───── Data for review ─────

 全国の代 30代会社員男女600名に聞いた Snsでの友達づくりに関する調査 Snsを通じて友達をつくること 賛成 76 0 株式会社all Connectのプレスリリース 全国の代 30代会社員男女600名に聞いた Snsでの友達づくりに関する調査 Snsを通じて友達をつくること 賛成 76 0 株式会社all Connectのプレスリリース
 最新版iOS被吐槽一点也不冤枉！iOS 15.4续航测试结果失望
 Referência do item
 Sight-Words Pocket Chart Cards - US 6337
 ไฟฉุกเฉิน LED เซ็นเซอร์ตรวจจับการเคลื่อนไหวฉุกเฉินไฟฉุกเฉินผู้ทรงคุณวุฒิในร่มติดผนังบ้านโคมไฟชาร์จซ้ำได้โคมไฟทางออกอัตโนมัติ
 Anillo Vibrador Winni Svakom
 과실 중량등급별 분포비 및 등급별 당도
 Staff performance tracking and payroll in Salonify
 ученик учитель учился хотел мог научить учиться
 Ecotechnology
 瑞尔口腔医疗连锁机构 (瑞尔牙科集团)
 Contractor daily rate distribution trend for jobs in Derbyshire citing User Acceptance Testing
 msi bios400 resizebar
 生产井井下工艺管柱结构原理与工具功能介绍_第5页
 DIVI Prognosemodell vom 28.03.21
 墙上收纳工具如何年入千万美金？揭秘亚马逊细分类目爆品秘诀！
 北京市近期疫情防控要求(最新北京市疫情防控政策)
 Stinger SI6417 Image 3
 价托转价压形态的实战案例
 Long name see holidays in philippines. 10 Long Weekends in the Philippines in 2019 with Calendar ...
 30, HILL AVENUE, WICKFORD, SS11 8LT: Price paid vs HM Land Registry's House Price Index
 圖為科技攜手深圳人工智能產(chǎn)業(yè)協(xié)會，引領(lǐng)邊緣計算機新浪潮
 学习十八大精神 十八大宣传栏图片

─────

#### [Your goal]
Please give back, exactly as it stands above, the stretch from the line with "Referência do item" through the line with "瑞尔口腔医疗连锁机构 (瑞尔牙科集团)", and no line outside it.

#### [Output of the task]
 Referência do item
 Sight-Words Pocket Chart Cards - US 6337
 ไฟฉุกเฉิน LED เซ็นเซอร์ตรวจจับการเคลื่อนไหวฉุกเฉินไฟฉุกเฉินผู้ทรงคุณวุฒิในร่มติดผนังบ้านโคมไฟชาร์จซ้ำได้โคมไฟทางออกอัตโนมัติ
 Anillo Vibrador Winni Svakom
 과실 중량등급별 분포비 및 등급별 당도
 Staff performance tracking and payroll in Salonify
 ученик учитель учился хотел мог научить учиться
 Ecotechnology
 瑞尔口腔医疗连锁机构 (瑞尔牙科集团)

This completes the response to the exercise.